L’enthousiasme bruyant du Financial Times, du Wall Street Journal et consorts à l’annonce de l’arrivée de Christine Lagarde à Bercy laisse dans l’ombre les multiples conflits d’intérêts que la nouvelle ministre de l’économie et des finances arbitrera en permanence. Les nouvelles responsabilités de Mme Lagarde font figure d’acrobatique exercice de funambule sur la muraille de Chine [1].

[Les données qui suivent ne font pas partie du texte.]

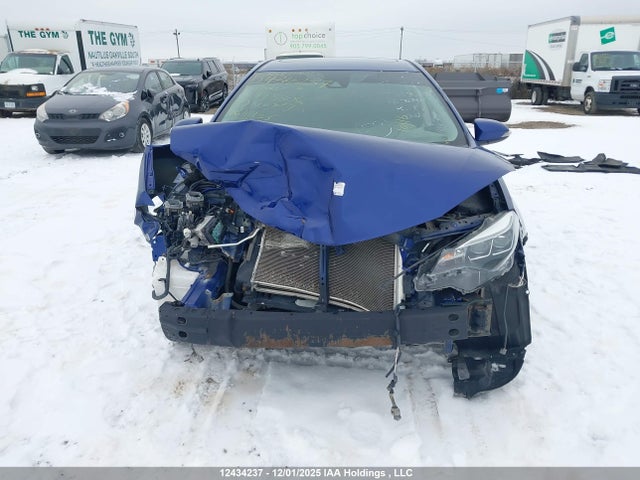 Aukcja sprzedaży 2018 Toyota Corolla Se, vin: 2T1BURHEXJC993306, numer aukcji: 12434237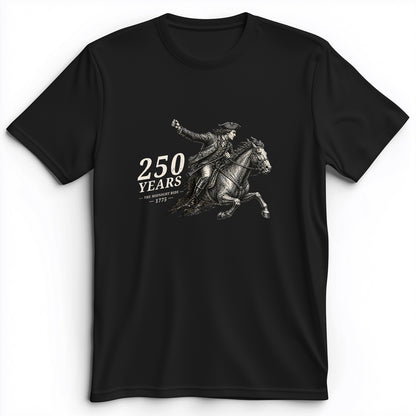 Revere 250 Premium Tee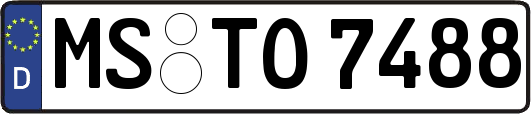 MS-TO7488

L’ancienne présidente de Baker & Mackenzie, l’une des 3 principales law firms américaines – et mondiales – s’est beaucoup dépensée, alors qu’elle était ministre du commerce extérieur du gouvernement Villepin, pour le candidat Sarkozy. Elle a multiplié, durant le dernier semestre de l’année 2006, les séjours outre-Atlantique, organisant meetings et séminaires, un véritable lobbying, s’apparentant parfois à une campagne de fund rising , construisant ex nihilo aux États-Unis l’image d’un candidat à l’Élysée business compatible. Dans l’atmosphère de guerre économique larvée entre la France et les États-Unis, prévalant depuis l’opposition chiraquienne à la guerre en Irak, Christine Lagarde, avec sa connaissance intime des us et coutumes du big business américain, des forces et faiblesses cachées des multinationales, des hedge funds, des banques, des arcanes des fusions-acquisitions, aurait pu inquiéter une Maison Blanche prompte à dénoncer les turpitudes anti-américaines supposées du tandem Villepin-Chirac. Il n’en fut rien, comme si l’entrée au gouvernement français de Mme Lagarde était une caution, le signal d’une inflexion de la politique française vers un atlantisme de bon aloi. Comment la ministre de l’Économie et des finances gérera-t-elle les inévitables privatisations des derniers fleurons de l’industrie nationale ? Comment éteindra-t-elle les dernières braises du colbertisme sans prêter le flanc à toutes sortes de suspicions ? Entrera-t-elle en conflit avec Anne Lauvergeon, la patronne d’Areva ? Le feuilleton commence à peiney
[1] la muraille de Chine est, au sein d’une banque, la séparation, censée être absolument étanche entre les activités de conseil aux entreprises et celles d’analyste, afin d’éviter tout délit d’initié.